*Exercise directions*:
Pictures excluded, copy word for word the lines from the one holding "9 Stardust Lane, Garden Valley, ID 83622" through the last line below.

Start of Supplied information

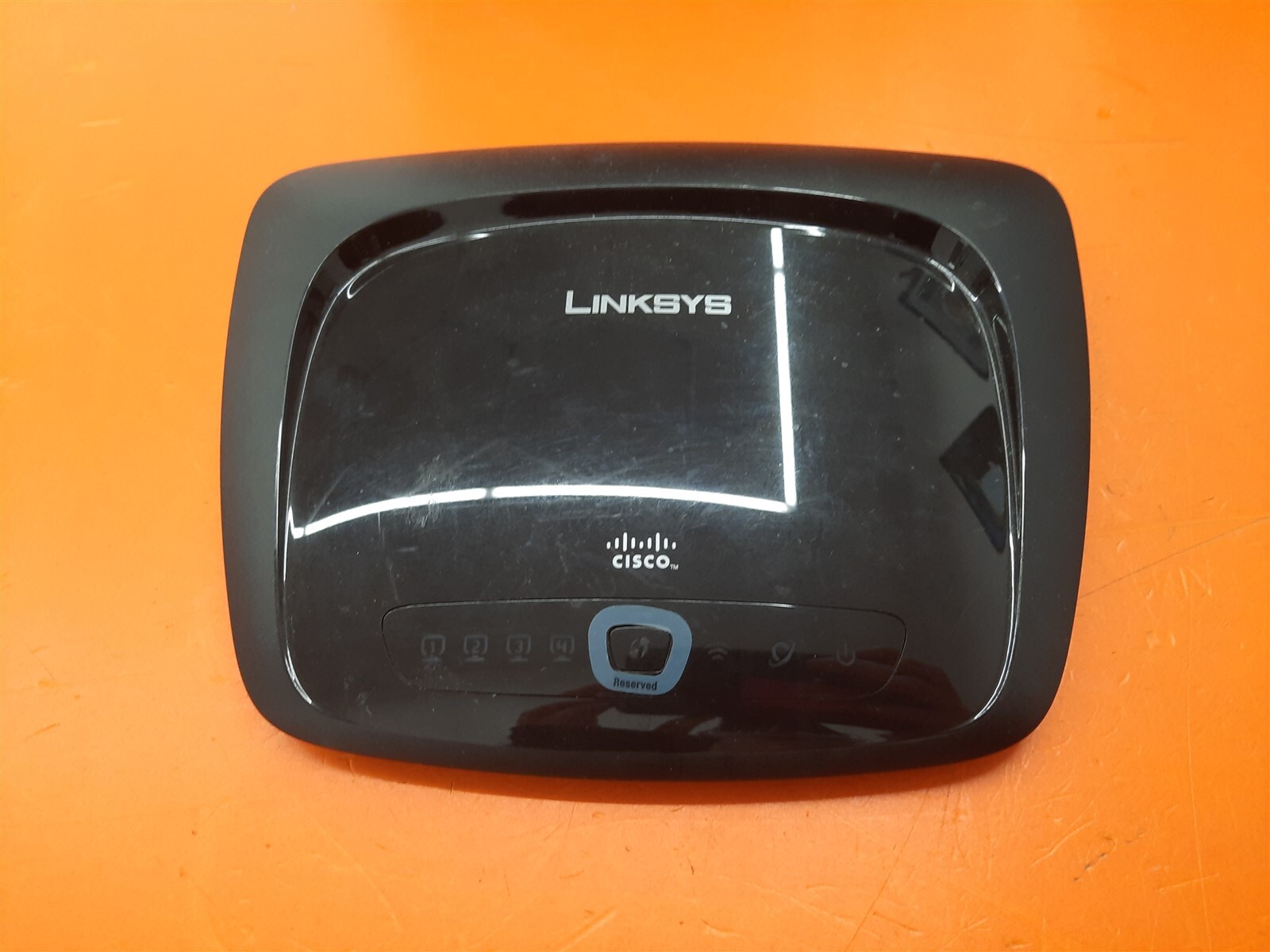 ⭐️⭐️⭐️⭐️⭐️ Cisco Linksys WRT110 RangePlus Wireless Router-No Cables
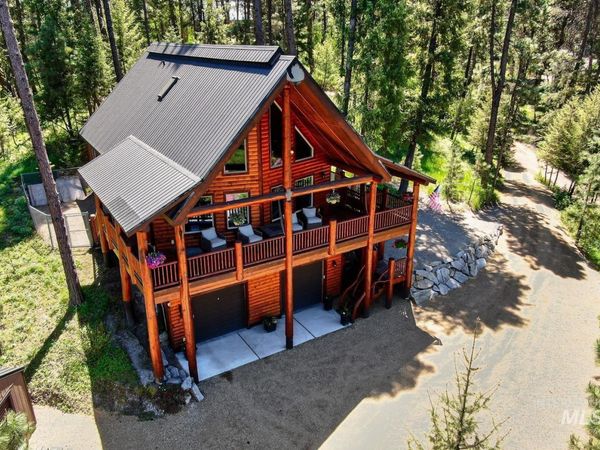 9 Stardust Lane, Garden Valley, ID 83622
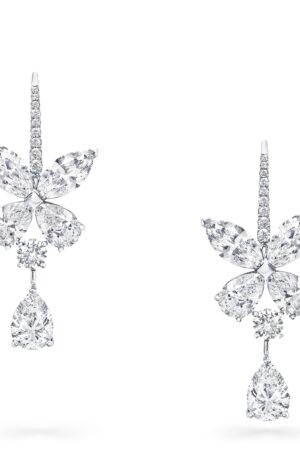 [그라프] 클래식 버터플라이 다이아몬드 쁘띠 이어링 RGE146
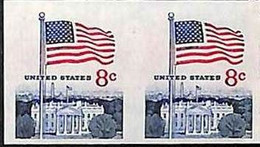 94800a -  USA - STAMPS - SC #  1338Gh  IMPERF PAIR - MNH Flags WHITE HOUSE - Variétés, Erreurs & Curiosités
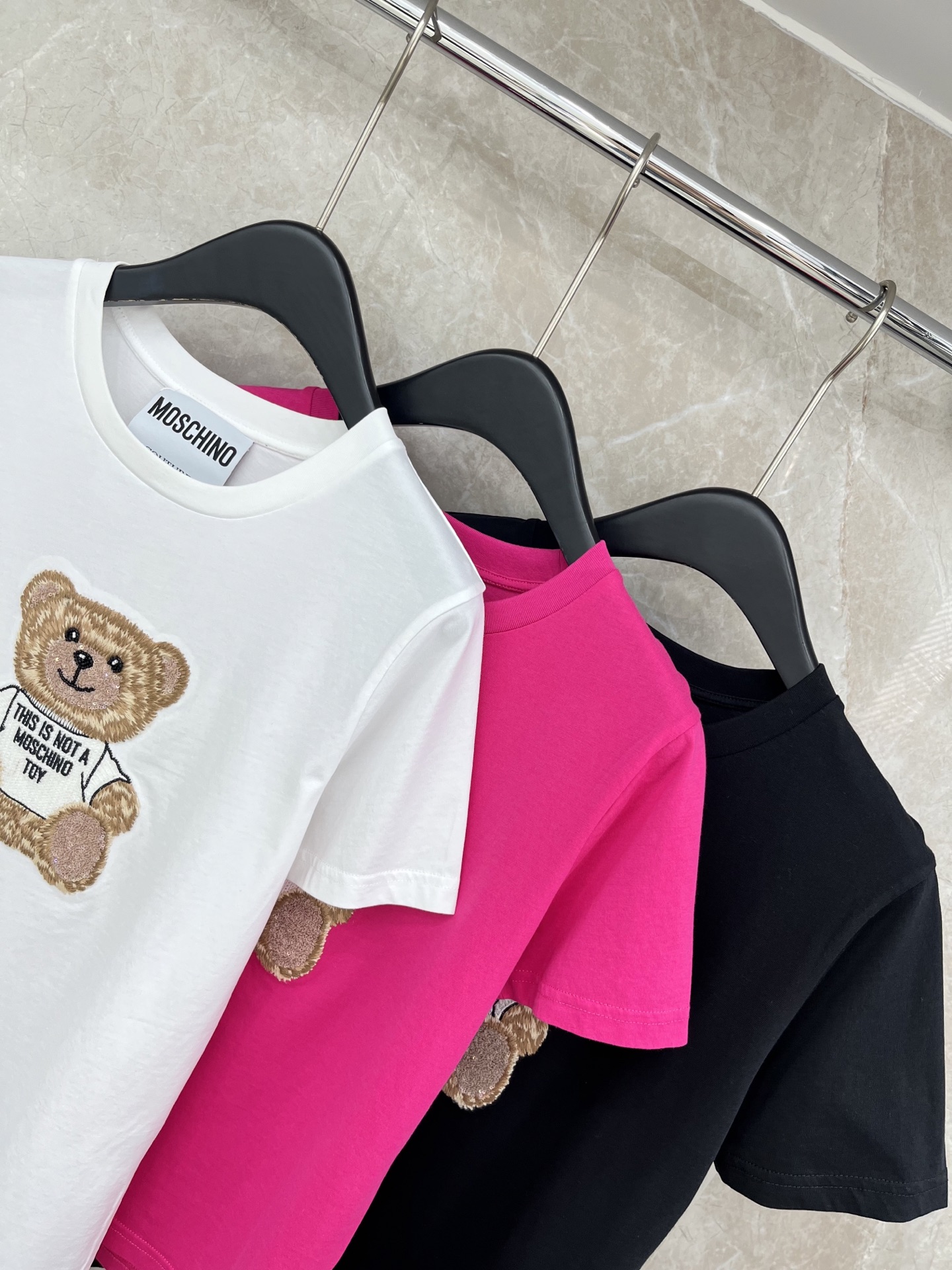 🛒𝐍𝐄𝐖 · 𝟐𝟎𝟐6/爆款现货原单品质 Mos*｜26新品刺绣短袖T恤精致版型上身巨显瘦！定制最新工艺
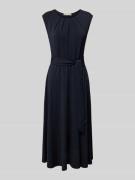 Midi-jurk met strikceintuur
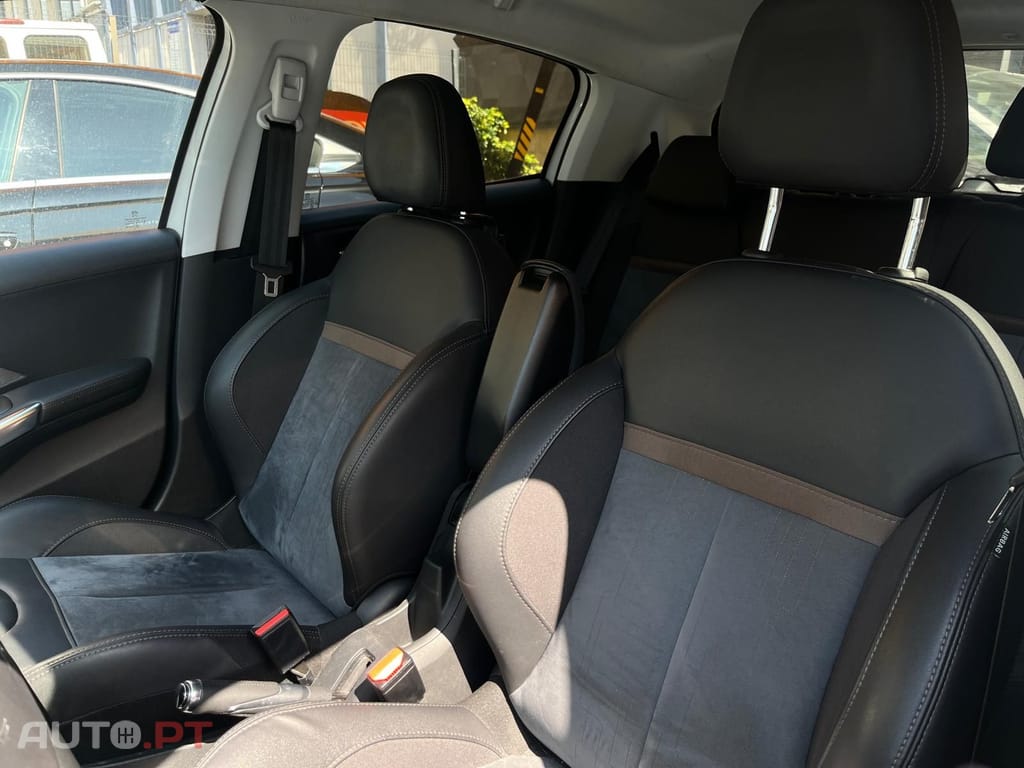 Peugeot 208  1.2 e-THP Féline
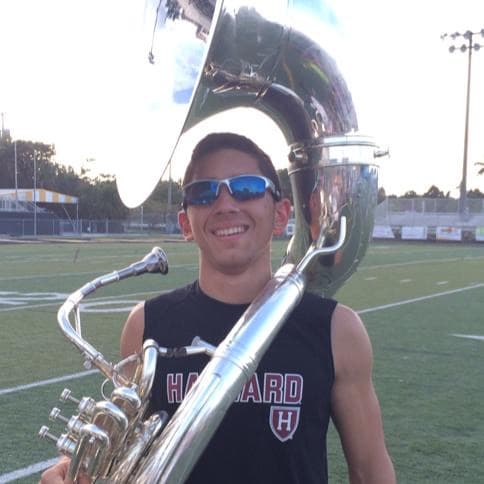 Uno de los momentos más felices de su vida fue cuando cantó en Carnegie Hall, su cantante favorito es Alejandro Sanz y colecciona billetes de otros países.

End of Supplied information

*Response for this exercise*:
 9 Stardust Lane, Garden Valley, ID 83622
 [그라프] 클래식 버터플라이 다이아몬드 쁘띠 이어링 RGE146
 94800a -  USA - STAMPS - SC #  1338Gh  IMPERF PAIR - MNH Flags WHITE HOUSE - Variétés, Erreurs & Curiosités
 🛒𝐍𝐄𝐖 · 𝟐𝟎𝟐6/爆款现货原单品质 Mos*｜26新品刺绣短袖T恤精致版型上身巨显瘦！定制最新工艺
 Midi-jurk met strikceintuur
 Peugeot 208  1.2 e-THP Féline
 Uno de los momentos más felices de su vida fue cuando cantó en Carnegie Hall, su cantante favorito es Alejandro Sanz y colecciona billetes de otros países.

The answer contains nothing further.